NV Codreca / M. Vanbuul, G. Alofs, F. Ruysschaert advocaten q.q. faillissement NV Vanherf

Zet.: E. Hulpiau (voorzitter), E. Lemmens en J. Embrechts (raadsheren)
Pl.: Mrs. A. Gerkens en M. Bernaerts
1. De antecedenten en de vorderingen

Het voorwerp van de door geïntimeerden, in hun hoedanigheid van curators van de op 18 mei 1998 door de Rechtbank van Koophandel te Tongeren failliet verklaarde NV Vanherf, bij conclusie d.d. 8 oktober 1999 in ondergeschikte orde tegen appellante ingestelde vordering en de daaraan ten grondslag liggende feiten werden correct uiteengezet in het bestreden vonnis d.d. 5 december 2001 van de Rechtbank van Koophandel te Tongeren en dit hof verwijst daar naar. De eerste rechter verklaarde deze vordering gegrond.

Appellante, die bij een ter griffie van dit hof op 18 maart 2002 neergelegd verzoekschrift hoger beroep instelde, besluit tot de gehele of gedeeltelijke ongegrondheid van de vordering.

Geïntimeerden besluiten tot de gedeeltelijke gegrondheid van het hoger beroep en meer bepaald wat betreft de door de eerste rechter op de hoofdsom toegekende rente (de gerechtelijke rente vanaf de “datum van het faillissement”) en zijn akkoord dat deze gerechtelijke rente slechts vanaf 8 oktober 1999 kan toegekend worden.

2. Beoordeling

Er bestaat geen betwisting over het feit dat de uitkering van het litigieus “superdividend” ad 15 miljoen BEF op 8 februari 1998 door NV Vanherf aan appellante (aandeelhouder van 2.100 aandelen van NV Vanherf) een oneigenlijke uitkering (door vermindering van het eigen vermogen) was die kaderde in door appellante, NV Vanherf en KBC Bank uitgewerkte financiering van de overdracht d.d. 8 augustus 1996 van de aandelen van NV Vanherf door Michel en Leonard Vanherf aan NV Codreca (appellante) - een patrimoniumvennootschap - en Werner Dreessen (gedelegeerd bestuurder van NV Codreca, en na de overdracht ook van NV Vanherf) aan de prijs van 22 miljoen BEF.

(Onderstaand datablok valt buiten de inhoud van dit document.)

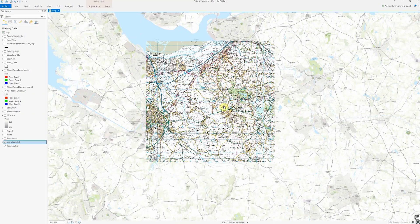Hi there. In this video I'm going to show you how to georeference a raster layer within ArcGIS Pro. This is the area I'm going to be georeferencing to. What I have here is an already georeferenced basemap. I could work with the existing basemap in ArcGIS Pro, but this Ordnance Survey map gives me a little bit more detail to work with and will make it easier to align the layer that I'm trying to georeference.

Het bestreden vonnis heeft de in het kader van deze financiering door KBC BANK aan NV Vanherf toegestane kredieten en de daarvoor verworven zekerheden rechtsgeldig en tegenwerpbaar aan de curators van de failliete NV Vanherf verklaard en tegen dit onderdeel van het vonnis werd geen rechtsmiddel ingesteld.

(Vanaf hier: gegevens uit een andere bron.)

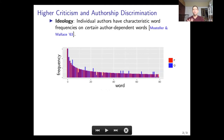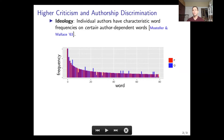The ideology for authorship discrimination is based on the idea that individual authors have characteristic word frequencies on certain author-dependent words. In other words, each author corresponds to a unique high-dimensional distribution over words, and if we knew those words over which the two authors have different frequencies, we could use them to discriminate documents based on authorship.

De betwisting tussen partijen houdt verband met de interpretatie (en draagwijdte) die dient gegeven te worden aan de tekst van artikelen 617 en 619 W.Venn. (voorheen art. 77bis Venn.W.).

Voormelde wettekst is duidelijk waar hij verwijst naar “het nettoactief zoals dat blijkt uit de jaarrekening op de datum van afsluiting van het laatste boekjaar”: daarmee wordt dus de jaarrekening van het (uiteraard volledige) boekjaar onmiddellijk voorafgaand aan de bewuste uitkering bedoeld en deze bepaling vooronderstelt dan ook dat deze jaarrekening vóór de bewuste “oneigenlijke” uitkering opgemaakt en (alleszins door de bestuurders) gekend was, daar van belang is dat alleszins a posteriori uit de definitieve jaarrekening blijkt dat er op het ogenblik van de uitkering (in casu op 8 februari 1998) de door voormelde wetsartikelen vereiste uitkeerbare ruimte was.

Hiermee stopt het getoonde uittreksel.